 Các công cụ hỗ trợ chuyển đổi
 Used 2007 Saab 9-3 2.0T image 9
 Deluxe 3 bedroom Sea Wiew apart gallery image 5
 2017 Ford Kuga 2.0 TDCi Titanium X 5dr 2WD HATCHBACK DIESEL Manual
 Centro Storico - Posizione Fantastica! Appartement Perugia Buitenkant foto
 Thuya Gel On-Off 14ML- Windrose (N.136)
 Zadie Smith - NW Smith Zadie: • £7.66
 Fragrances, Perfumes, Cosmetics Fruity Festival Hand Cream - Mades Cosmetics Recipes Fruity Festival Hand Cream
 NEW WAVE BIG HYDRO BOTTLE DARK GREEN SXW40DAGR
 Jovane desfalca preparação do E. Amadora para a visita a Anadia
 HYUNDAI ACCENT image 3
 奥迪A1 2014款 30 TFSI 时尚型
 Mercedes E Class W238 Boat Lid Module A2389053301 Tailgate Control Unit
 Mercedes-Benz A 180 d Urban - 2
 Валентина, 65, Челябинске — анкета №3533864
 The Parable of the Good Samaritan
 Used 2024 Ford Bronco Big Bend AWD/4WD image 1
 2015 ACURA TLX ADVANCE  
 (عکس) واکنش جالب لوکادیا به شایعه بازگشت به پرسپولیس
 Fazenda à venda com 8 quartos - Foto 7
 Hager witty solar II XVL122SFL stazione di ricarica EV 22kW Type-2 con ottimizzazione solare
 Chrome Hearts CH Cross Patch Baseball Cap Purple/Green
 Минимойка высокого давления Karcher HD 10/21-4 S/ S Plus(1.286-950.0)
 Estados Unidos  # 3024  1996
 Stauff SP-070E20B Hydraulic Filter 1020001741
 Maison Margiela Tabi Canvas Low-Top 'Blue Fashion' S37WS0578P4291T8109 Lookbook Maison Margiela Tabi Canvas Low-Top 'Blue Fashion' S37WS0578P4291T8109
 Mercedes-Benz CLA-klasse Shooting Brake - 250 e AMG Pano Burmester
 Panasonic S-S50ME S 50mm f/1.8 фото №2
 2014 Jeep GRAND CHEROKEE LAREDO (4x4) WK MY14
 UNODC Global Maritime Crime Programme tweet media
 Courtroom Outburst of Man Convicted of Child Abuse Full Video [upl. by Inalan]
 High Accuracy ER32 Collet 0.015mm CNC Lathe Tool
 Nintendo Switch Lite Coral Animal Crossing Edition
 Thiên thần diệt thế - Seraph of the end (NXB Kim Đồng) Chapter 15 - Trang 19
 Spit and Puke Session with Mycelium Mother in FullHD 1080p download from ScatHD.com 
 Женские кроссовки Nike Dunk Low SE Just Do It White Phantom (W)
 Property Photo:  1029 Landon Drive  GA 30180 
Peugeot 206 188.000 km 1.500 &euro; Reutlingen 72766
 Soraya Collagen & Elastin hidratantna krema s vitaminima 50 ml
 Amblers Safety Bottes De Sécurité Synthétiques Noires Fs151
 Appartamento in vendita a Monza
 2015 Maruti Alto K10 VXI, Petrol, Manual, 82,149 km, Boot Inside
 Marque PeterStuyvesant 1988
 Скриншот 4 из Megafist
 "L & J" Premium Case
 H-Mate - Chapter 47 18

---

### EXERCISE DETAILS
Write out, exactly as they appear, the lines from the one containing "Chrome Hearts CH" through the last line of the records above, both included, and nothing more.

### SOLUTION
 Chrome Hearts CH Cross Patch Baseball Cap Purple/Green
 Минимойка высокого давления Karcher HD 10/21-4 S/ S Plus(1.286-950.0)
 Estados Unidos  # 3024  1996
 Stauff SP-070E20B Hydraulic Filter 1020001741
 Maison Margiela Tabi Canvas Low-Top 'Blue Fashion' S37WS0578P4291T8109 Lookbook Maison Margiela Tabi Canvas Low-Top 'Blue Fashion' S37WS0578P4291T8109
 Mercedes-Benz CLA-klasse Shooting Brake - 250 e AMG Pano Burmester
 Panasonic S-S50ME S 50mm f/1.8 фото №2
 2014 Jeep GRAND CHEROKEE LAREDO (4x4) WK MY14
 UNODC Global Maritime Crime Programme tweet media
 Courtroom Outburst of Man Convicted of Child Abuse Full Video [upl. by Inalan]
 High Accuracy ER32 Collet 0.015mm CNC Lathe Tool
 Nintendo Switch Lite Coral Animal Crossing Edition
 Thiên thần diệt thế - Seraph of the end (NXB Kim Đồng) Chapter 15 - Trang 19
 Spit and Puke Session with Mycelium Mother in FullHD 1080p download from ScatHD.com 
 Женские кроссовки Nike Dunk Low SE Just Do It White Phantom (W)
 Property Photo:  1029 Landon Drive  GA 30180 
Peugeot 206 188.000 km 1.500 &euro; Reutlingen 72766
 Soraya Collagen & Elastin hidratantna krema s vitaminima 50 ml
 Amblers Safety Bottes De Sécurité Synthétiques Noires Fs151
 Appartamento in vendita a Monza
 2015 Maruti Alto K10 VXI, Petrol, Manual, 82,149 km, Boot Inside
 Marque PeterStuyvesant 1988
 Скриншот 4 из Megafist
 "L & J" Premium Case
 H-Mate - Chapter 47 18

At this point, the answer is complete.